The properties of dill are many, so much so that this spice has been used since ancient times as a natural remedy for many ailments. Dill is carminative (promotes the expulsion of gas from stomach and intestines) and antispasmodic, making it perfect for colics, stomach cramps and hiccups. It is also an excellent natural remedy for halitosis.
Its diuretic and purifying properties make it a great ally against cellulite as it helps eliminate waste, which causes the accumulation of excess fluids. Drinking an infusion of dill seeds before bed is a good habit as this plant promotes digestion and fights insomnia. Another property of dill is to heal and regenerate nails: crushed seeds or leaves are excellent for preparing strengthening compresses.

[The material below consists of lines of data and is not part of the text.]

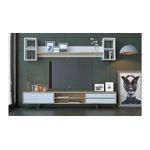 Casa si Gradina - Mobilier - Comode si corpuri - Console - Unitate TV Hanah Home, PAL melaminat, 180 x 40 x 45 cm, alb/stejar, 167RAB1903 - Infinity.ro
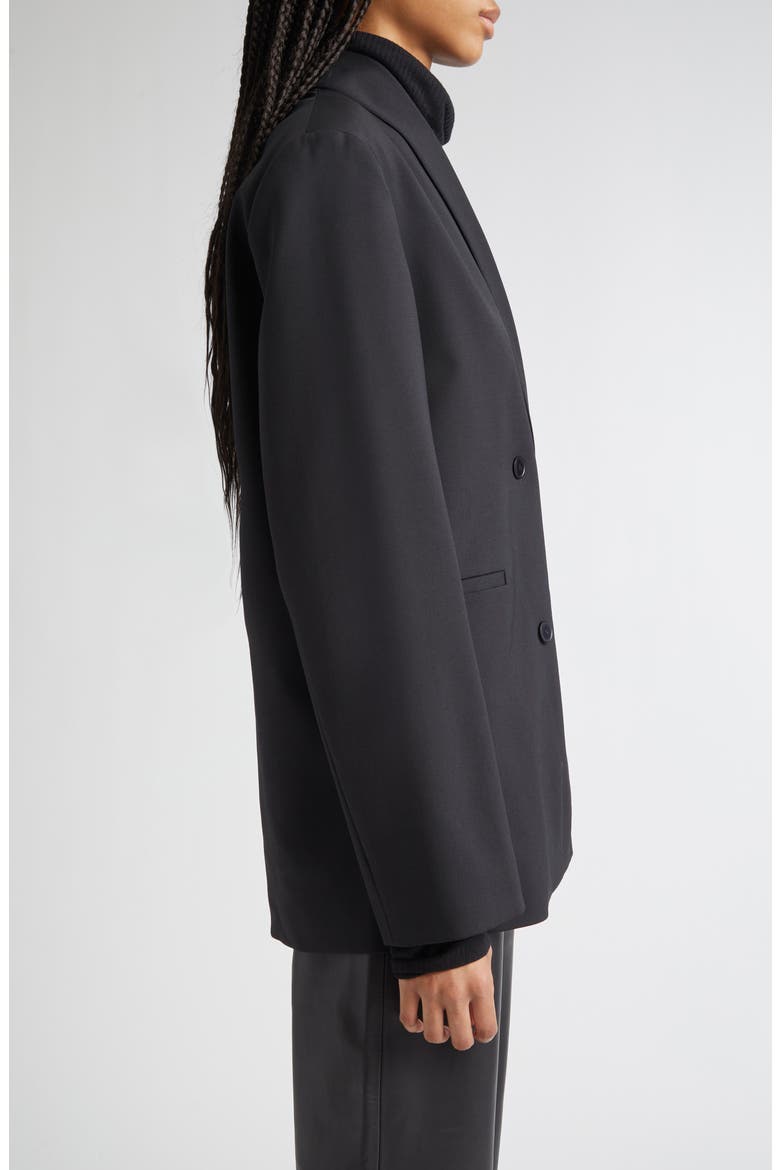Sancia Double Breasted Stretch Virgin Wool Blazer, Alternate, color, BLACK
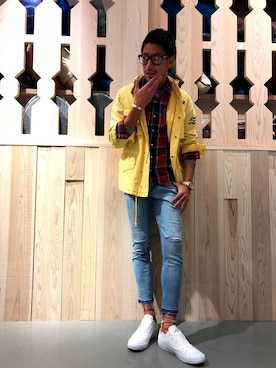 「アイテム（ミリタリージャケット）」を使った、KIKUCHIさん（メンズ・178cm）の冬コーディネート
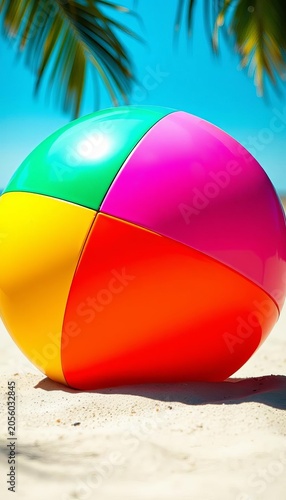 Brightly colored beach ball with contrasting panels, pool, outdoor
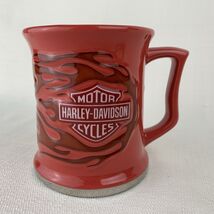 Harley Davidson Mug Cup Sculpted Raised Duo Flames Shield Logo Red - $14.00
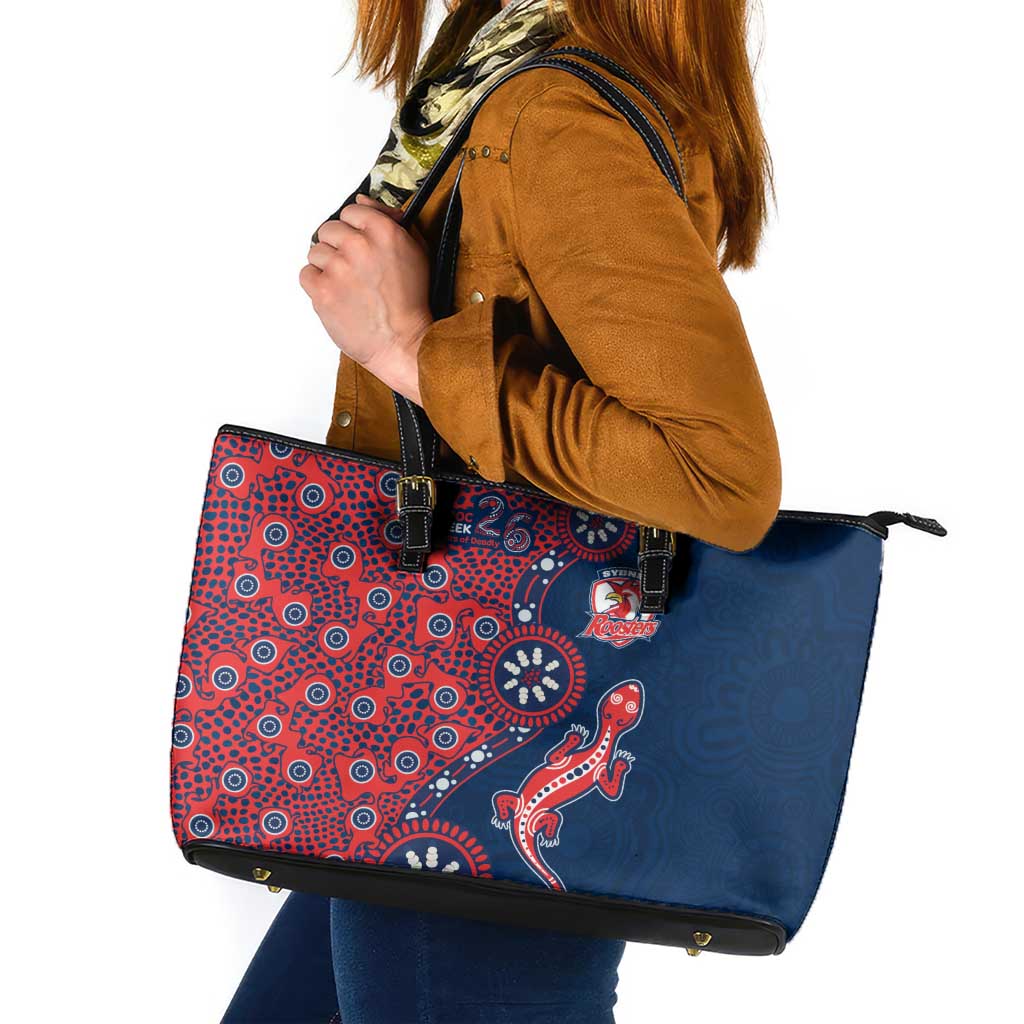 Sydney Roosters NAIDOC Week 2026 Leather Tote Bag Aboriginal Lizard Dot Painting - 50 Years of Deadly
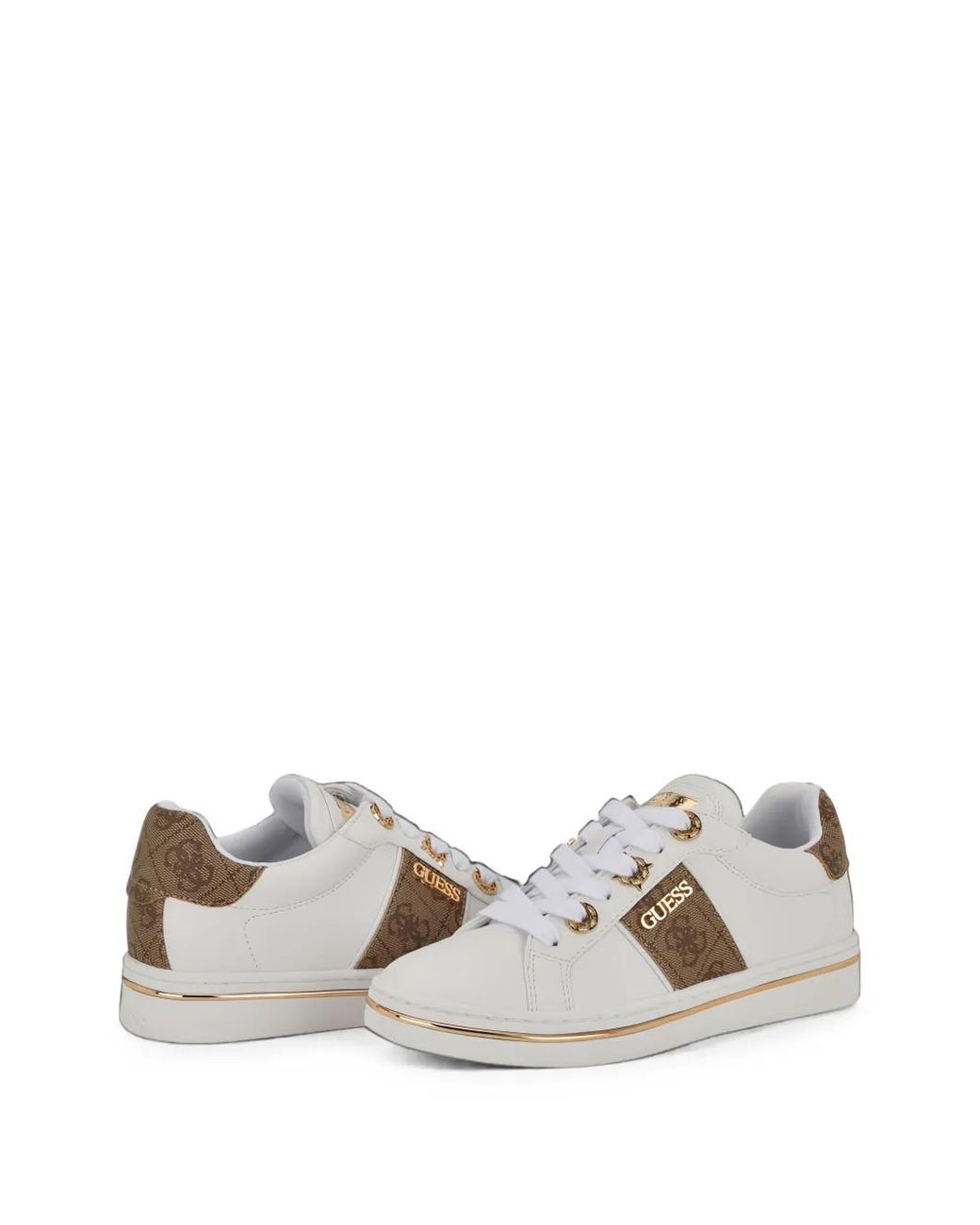 Guess White Stew Logo-Print Sneakers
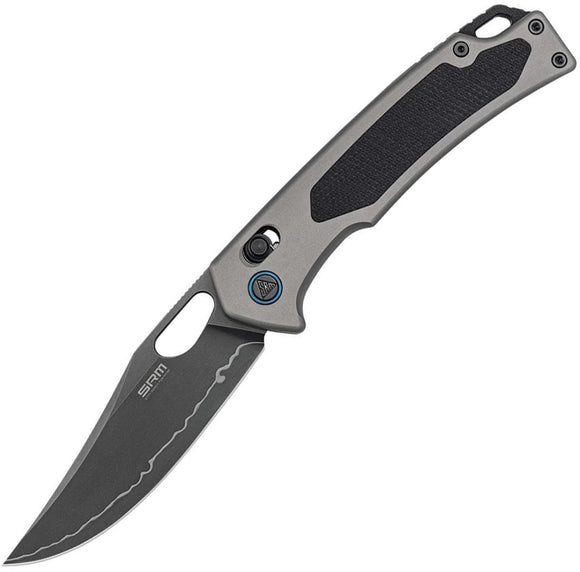 SRM Knives Retriever 9203-AK2 Ambi Lock Gray Aluminum & G10 Folding 140Cr Pocket Knife 9203AK2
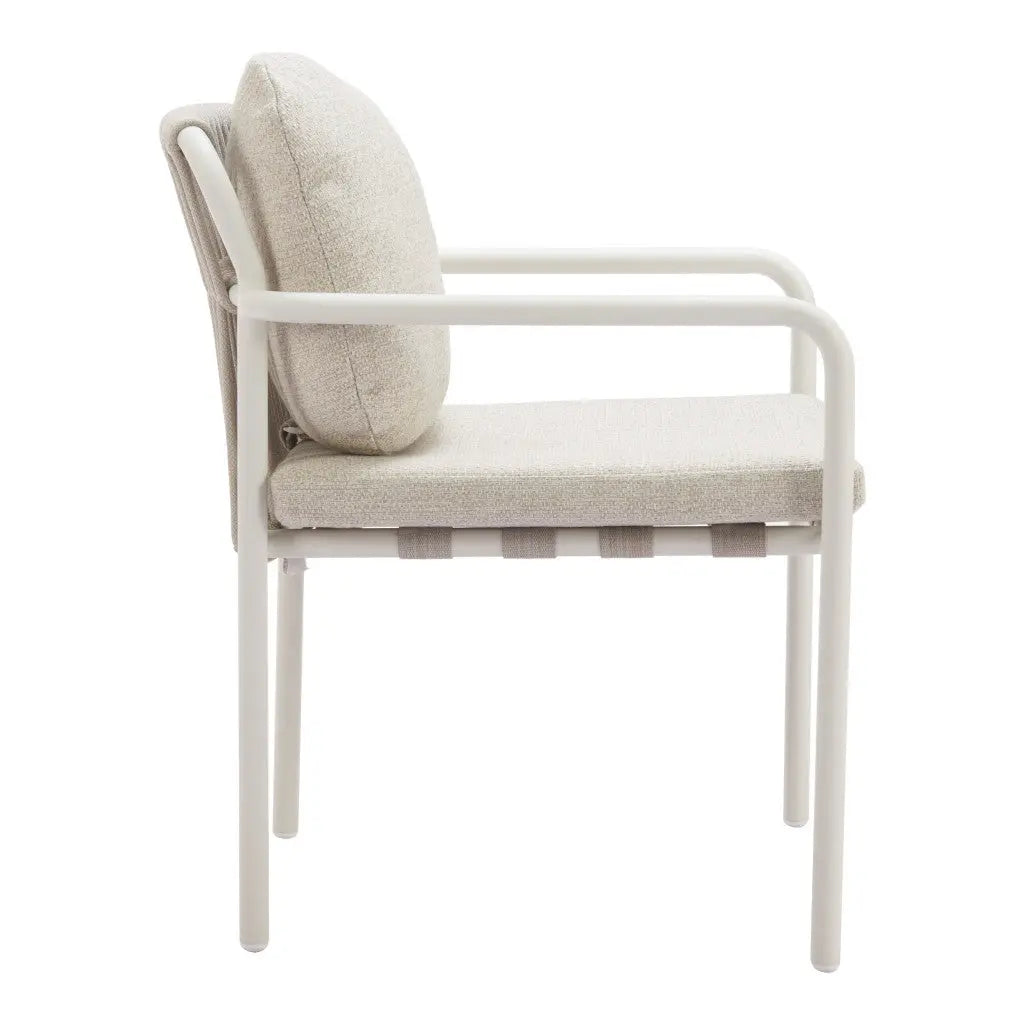 Set of Two Beige and White Slipcovered Upholstered And Aluminum Partially Open Back Dining Arm Chairs - GreatEagleInc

The use of dill in cooking is not as widespread in some European countries as it is in the Middle East. In Germany and Hungary it is used to prepare sweet and sour pickles; in Scandinavia it flavors salmon, eggs, shellfish, potatoes and soups; in Greece, dill leaves accompany feta and legumes and it is not uncommon to find bread enriched with the seeds of this spice. In general, dill goes well with boiled vegetables, grilled meats, fatty fish and marinades. Excellent for sprinkling on hard-boiled eggs. A delicious digestive liqueur is also prepared with dill; olive oil and vinegar can be flavored with it as well.
Properties of lumpfish roe
Although less valuable than traditional caviar, lumpfish roe has many properties. These small crunchy pearls with a sweet and savory taste, are a source of essential omega-3 fatty acids as well as iodine, potassium and selenium. Although precise data on the nutritional values of lumpfish roe are not available, it can be assumed that they are similar to those of other fish roe. They are fairly caloric, rich in cholesterol, but also a source of vitamins B, D and E.
Lumpfish roes, paired with creamy and slightly acidic cheeses, allow you to create perfect canapes for a sophisticated aperitif. Alternatively, they are excellent on canapés with mayonnaise.